Things that went well:

  1. The majority of the development went smoothly with adequate testing and little or no instability after release for two of the three sub areas.
  2. Once the wider impact of the Kubelet Volume Redesign work was understood by the Storage SIG it was widely communicated in the burn down meetings.
  3. The Storage SIG communication was very tight with hour by hour coordination in this area from beginning to end.
  4. Many area experts were able to jump in and help debug.
  5. The community trusted the Storage SIG to make the right decisions.

Things that went wrong:

  1. The scope of the Kubelet Volume Redesign work and its indirect impact on the system, while understood to be large, was still under-estimated: while the code was written and code reviewed reasonably within schedule, considering the size/extent of the changes, the amount of time required for soaking, stabilization, and testing was insufficient.
  2. In the decision to move forward with coding beyond code freeze, not enough thought was invested in what could go wrong or how to mitigate that.
  3. The Storage SIG decisions were not advertised widely enough outside of the SIG early on.

Action Items

  1. Develop deeper testing across the entire storage stack to allow large changes to be made with confidence.
  2. Establish a formal exception process for merging large changes after feature complete dates.

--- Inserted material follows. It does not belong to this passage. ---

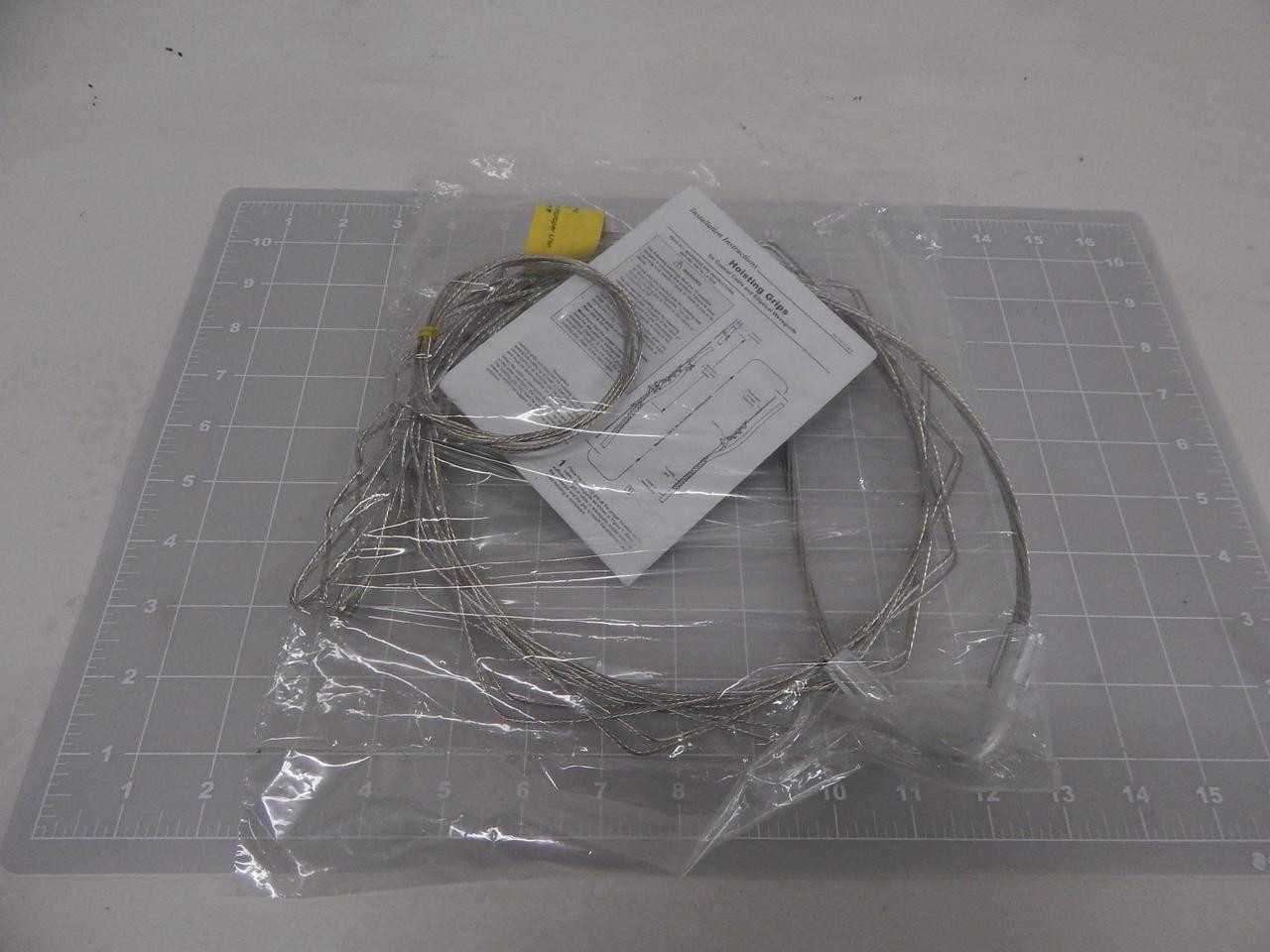 Lot of 285 HG-158 Lace Up Hosting Grip for 1-5/8" Corrugated Coax - GRIPPERS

Kubernetes is an incredibly fast moving project, with hundreds of active contributors creating a solution that thousands of organization rely on. Stability, trust, and openness are paramount in both the product and the community around Kubernetes. We undertook this retrospective effort to learn from the 1.3 release’s shipping delay. These action items and other work in the upcoming releases are part of our commitment to continually improve our project, our community, and our ability to deliver production-grade infrastructure platform software.